Work to complete:
Please quote exactly the lines below from the line containing "A GEORGE III" to the line containing "Nike Kids Black and Gray Puffer Jacket", both lines included, and nothing else.

Given data:
════════════════

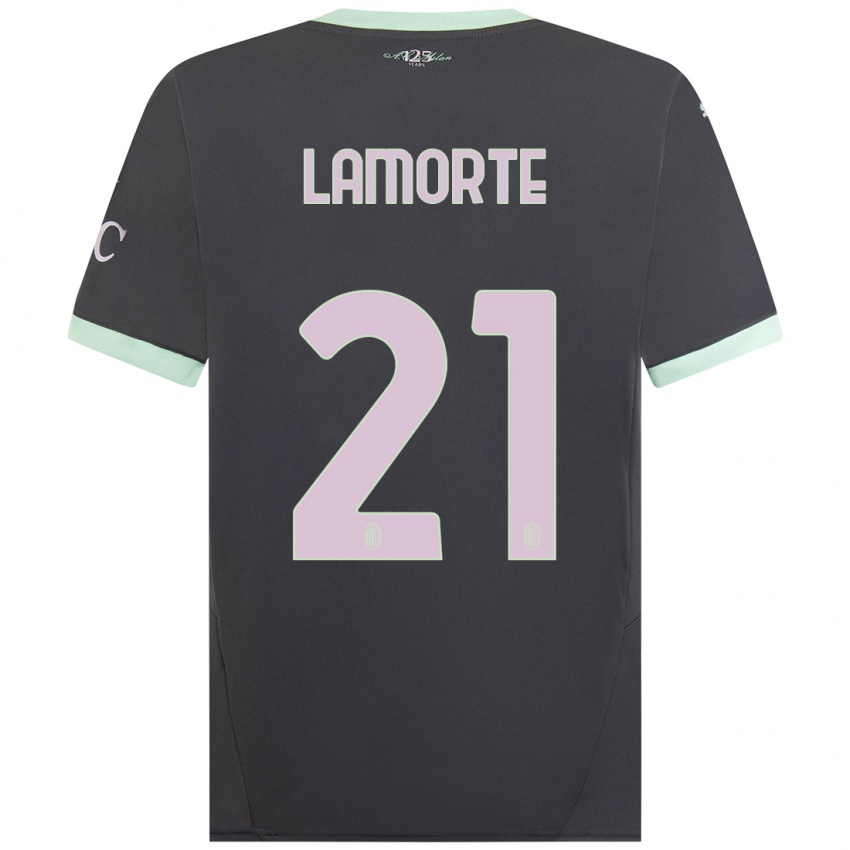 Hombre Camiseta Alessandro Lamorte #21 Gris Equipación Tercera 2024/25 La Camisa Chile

════════════════

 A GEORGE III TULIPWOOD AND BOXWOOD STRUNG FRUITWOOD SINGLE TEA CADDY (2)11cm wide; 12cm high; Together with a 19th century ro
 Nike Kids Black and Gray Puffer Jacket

════════════════

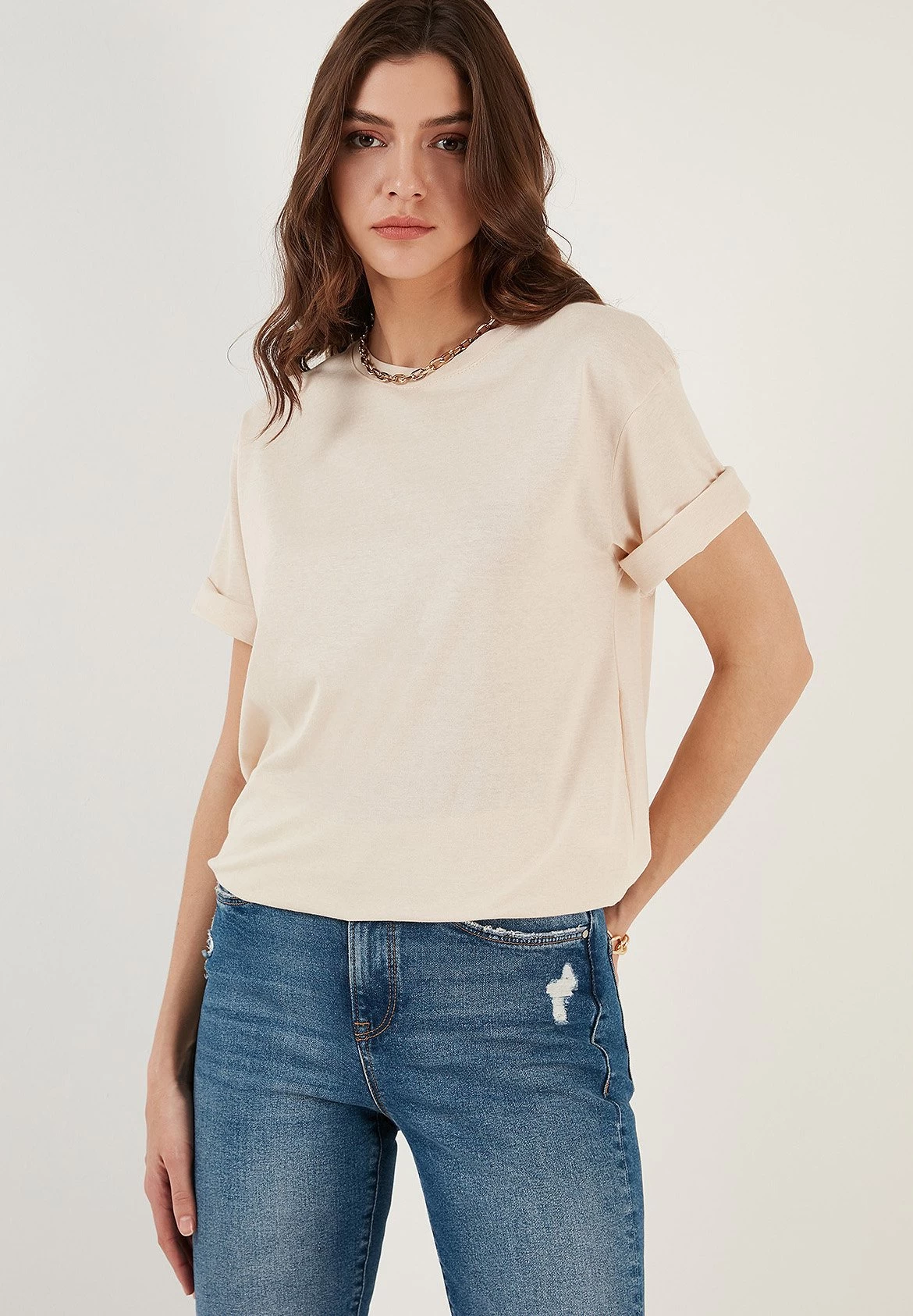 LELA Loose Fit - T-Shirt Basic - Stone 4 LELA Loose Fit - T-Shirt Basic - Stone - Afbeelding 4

════════════════

Answer space:
 A GEORGE III TULIPWOOD AND BOXWOOD STRUNG FRUITWOOD SINGLE TEA CADDY (2)11cm wide; 12cm high; Together with a 19th century ro
 Nike Kids Black and Gray Puffer Jacket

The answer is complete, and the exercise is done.